**DESCRIPTION OF THE TASK**
Taking the line that contains "Цветок Хейрантус Мотыльки (смесь) /лакфиоль/" as the start and the last line of the data as the end, repeat exactly every line in that span, but no pictures.

**PROVIDED INFORMATION**
........

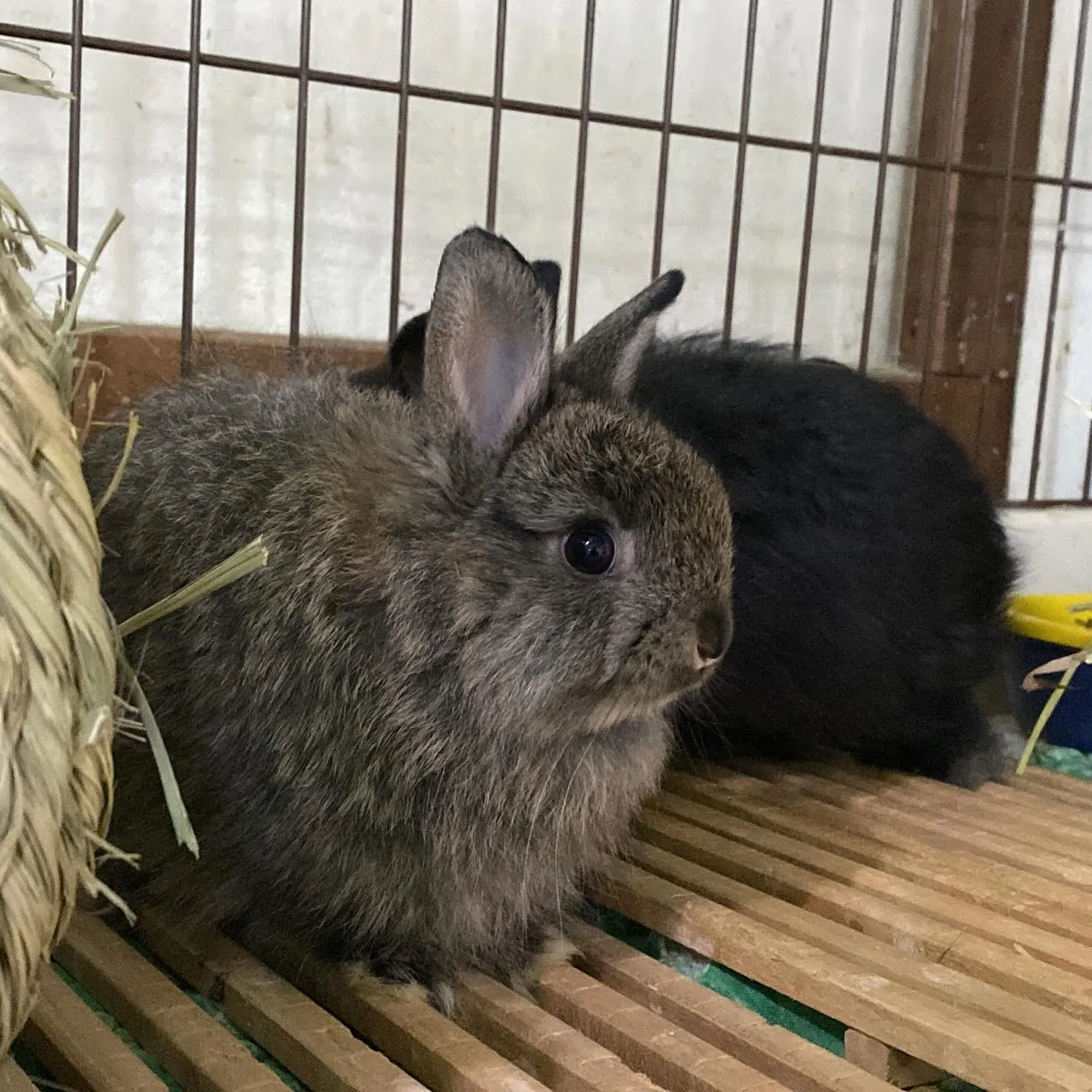 ☆どすこい&どすこいjrベビー☆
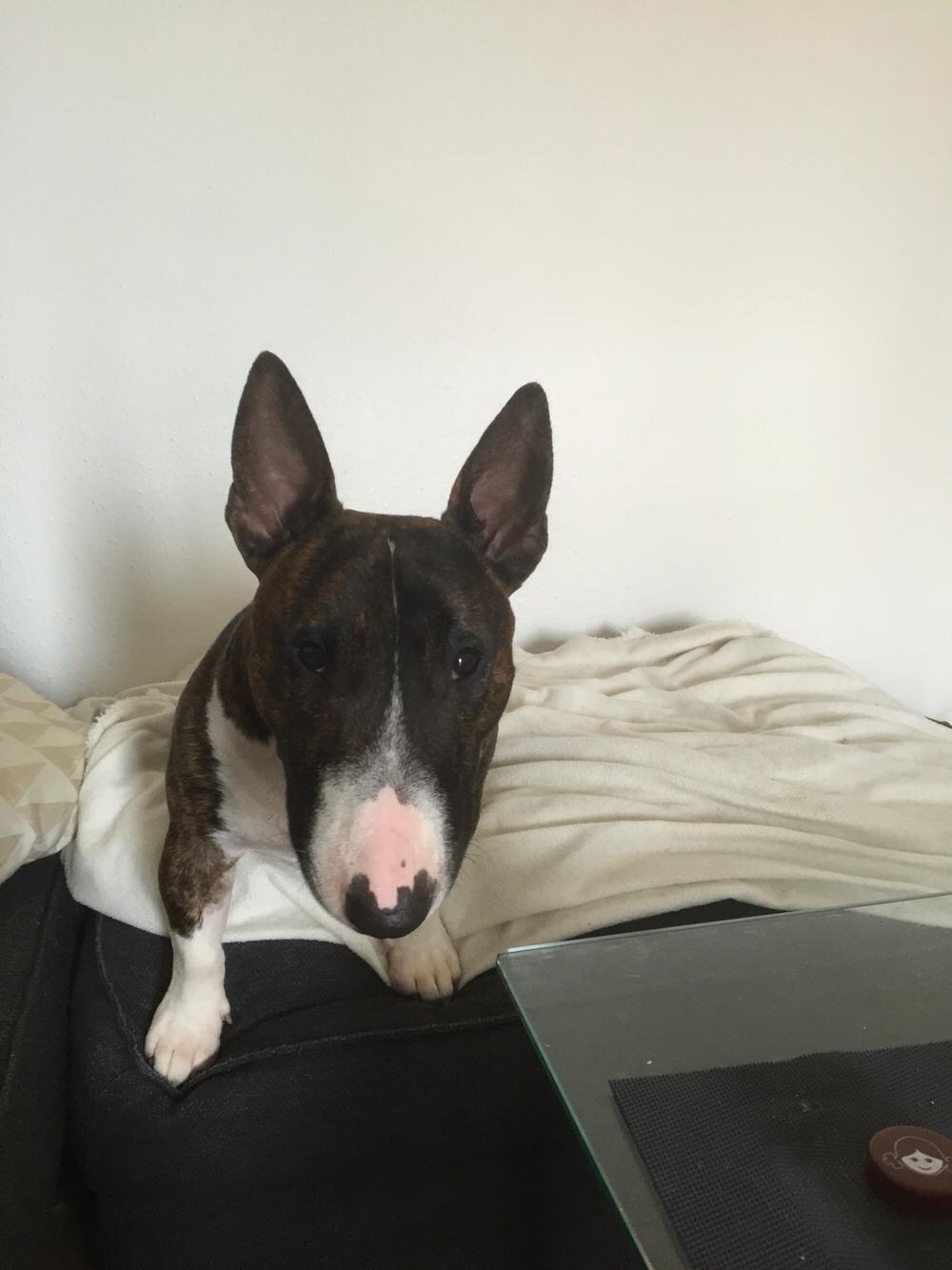 Bullterrier miniature Dolph billede 4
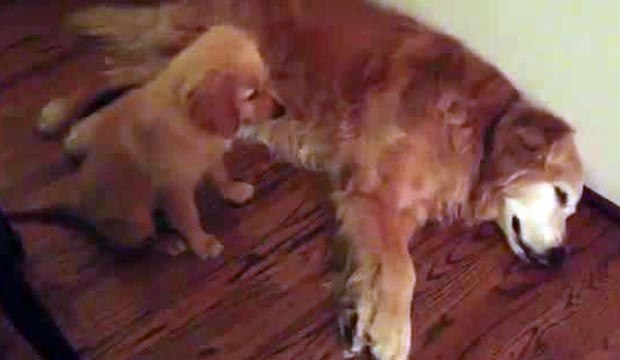 Un chiot réconforte un chien en plein cauchemar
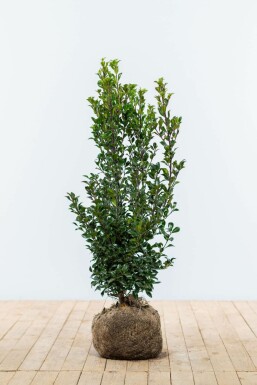 Hulst Ilex meserveae Heckenstar Haag 60-80 Kluit Hulst / Ilex Meserveae Heckenstar 60-80 cm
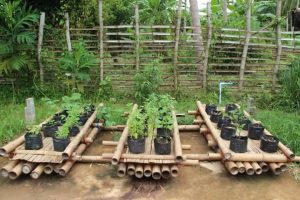 Practising floating vegetables for household comsumption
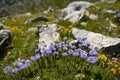 High mountain herb flowers, central Italian Apennines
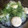 ごごんた's cooksnap of when they made 豆乳で作る 簡単！白玉冷やし汁粉.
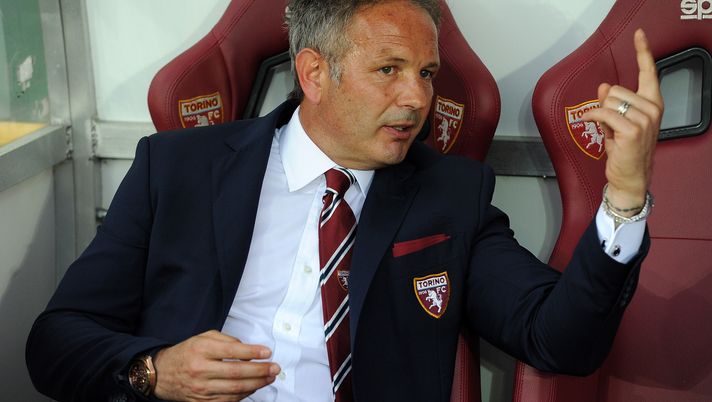 Toro, aspettando la sessione di mercato perfetta - immagine 1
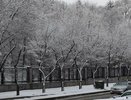 Из Екатеринбурга за ночь вывезли больше 440 тонн снега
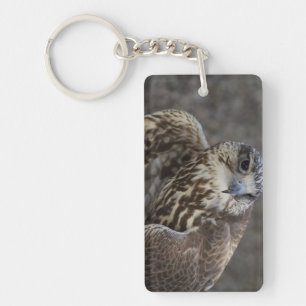 Falco cherrug key ring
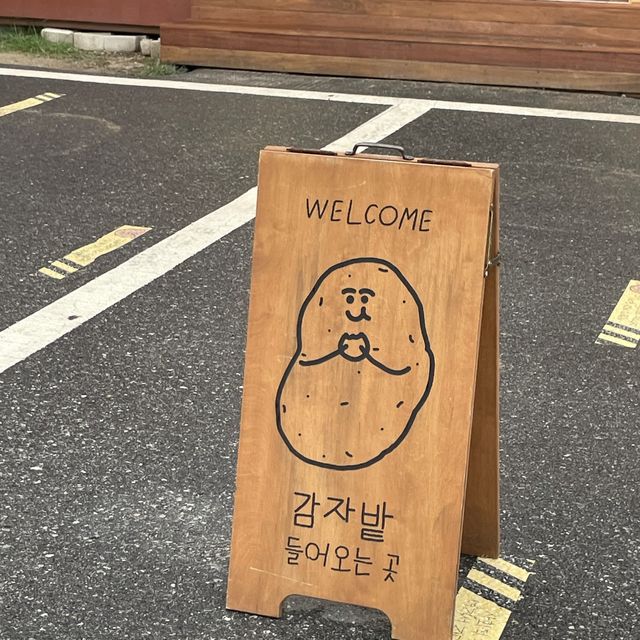 춘천 가면 꼭 가야하는! 카페, 감자밭 ᴗ̈ 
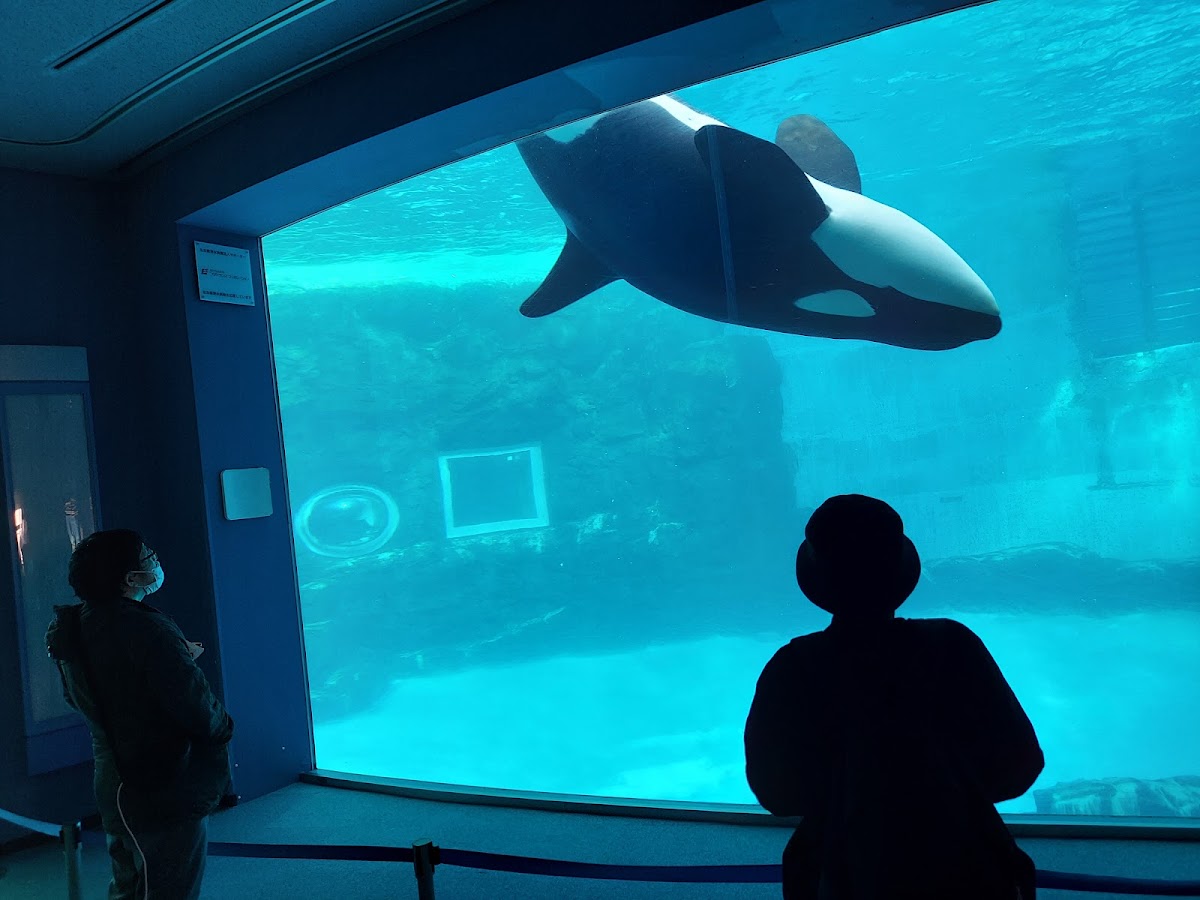 名古屋港水族館 實景照片 3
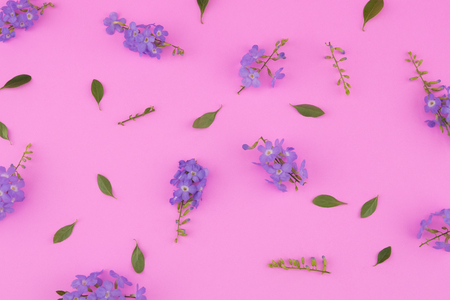 Purple flowers with branch and green leaves pattern on pink backgroundの写真素材
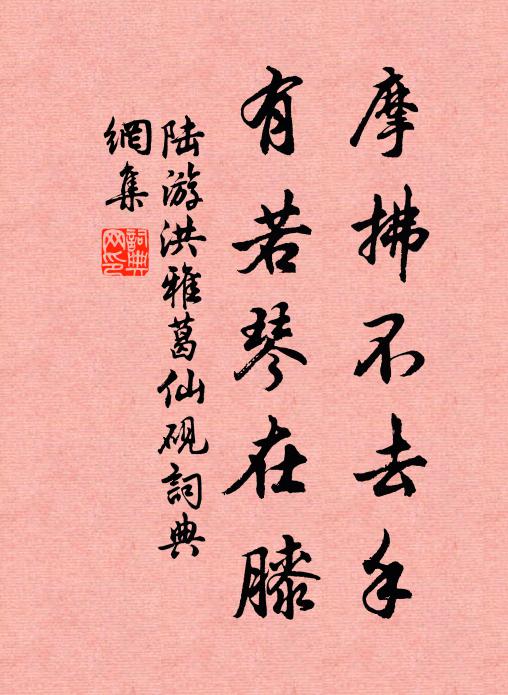 陆游摩拂不去手，有若琴在膝书法作品欣赏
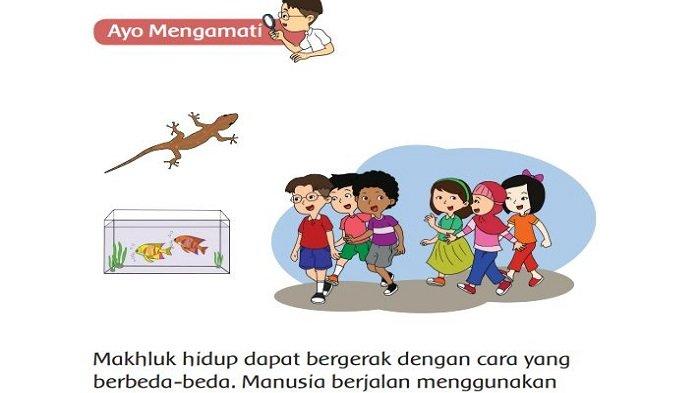 Ciri Ciri Makhluk Hidup Kunci Jawaban Tema 1 Kelas 3 Sd Mi Halaman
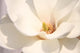 White magnolia flowers Wall Mural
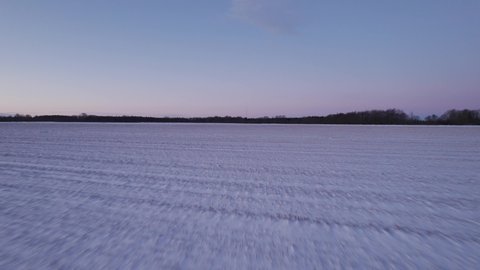 Snowy Winter Landscape. Empty Snow Field And Trees - Dolly Shot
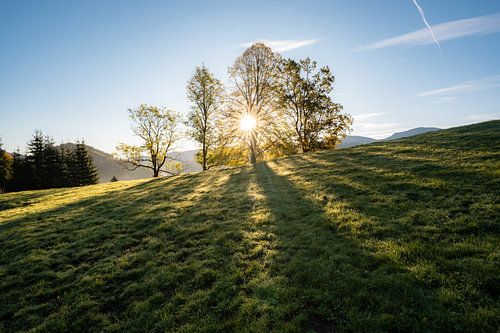 Ochtendsfeer bij zonsopgang met uitzicht op de Hochgrat en de Allgäuer Alpen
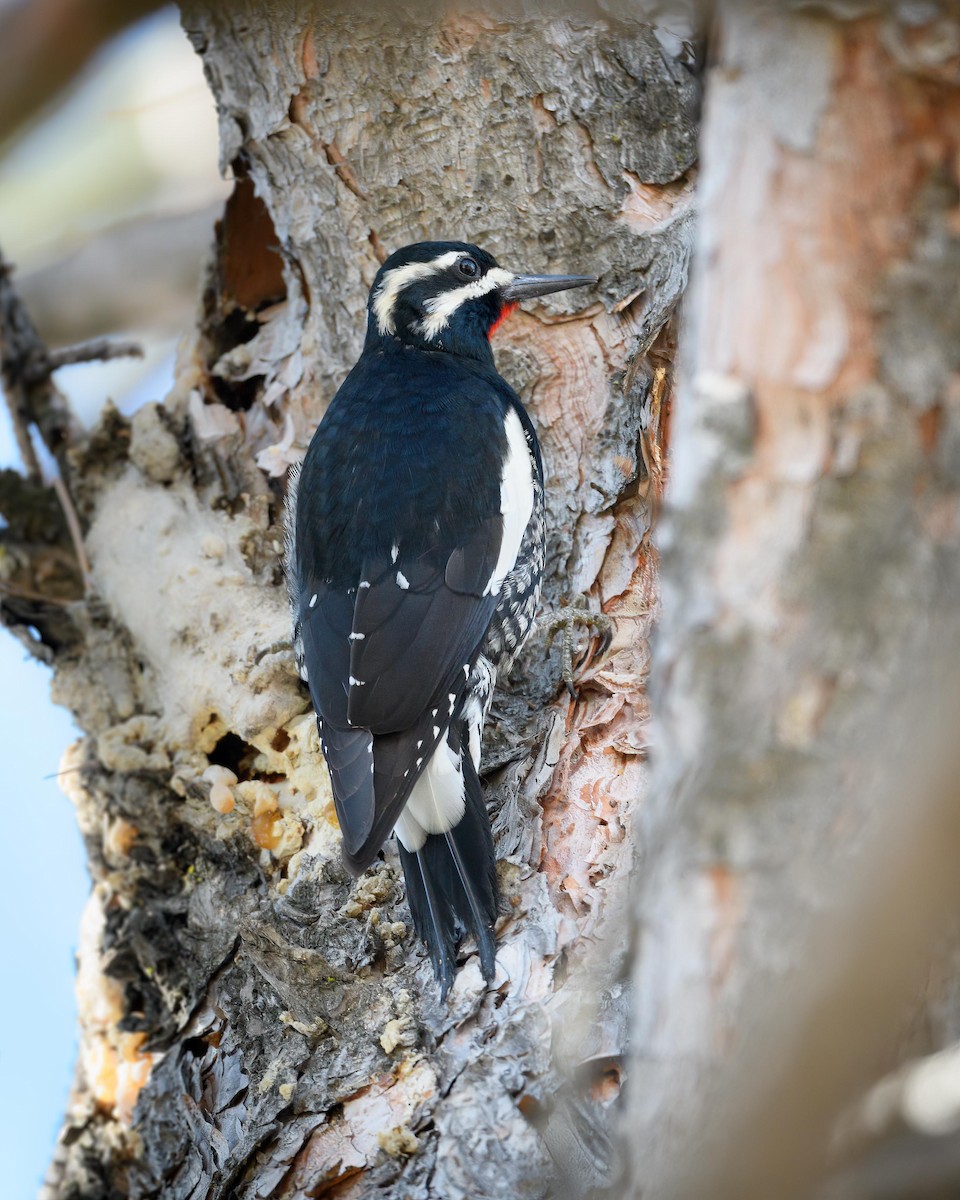 Williamson's Sapsucker - ML416526801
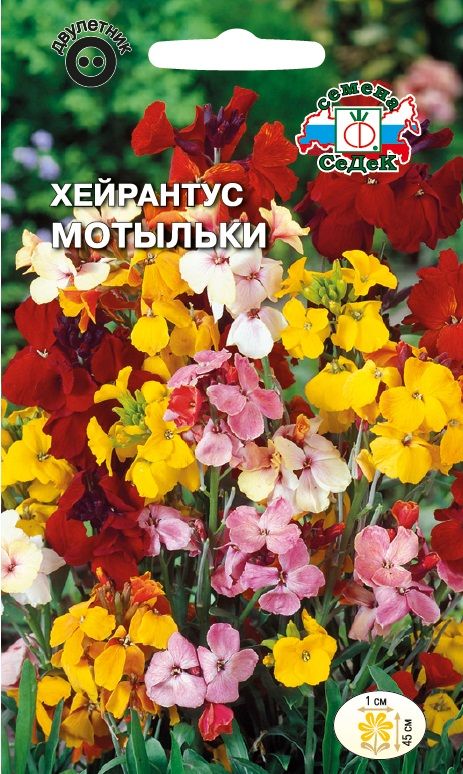 Цветок Хейрантус Мотыльки (смесь) /лакфиоль/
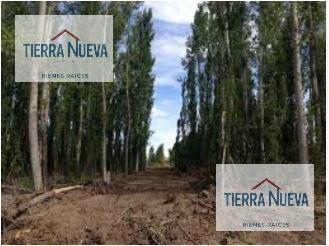 Foto de LOTE APTO DESARROLLO - LA FORESTADA - AÑELO RUTA 17, imagen 2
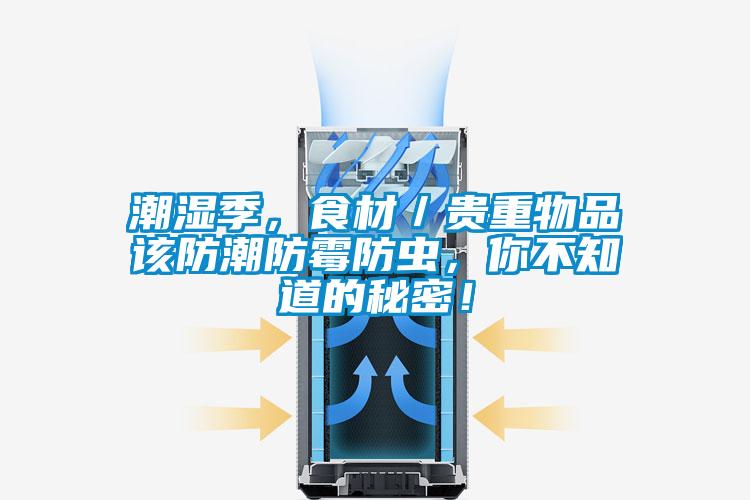 潮濕季，食材／貴重物品該防潮防黴防蟲，你不知道的秘密！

........

**WORKED SOLUTION**
 Цветок Хейрантус Мотыльки (смесь) /лакфиоль/
 Foto de LOTE APTO DESARROLLO - LA FORESTADA - AÑELO RUTA 17, imagen 2
 潮濕季，食材／貴重物品該防潮防黴防蟲，你不知道的秘密！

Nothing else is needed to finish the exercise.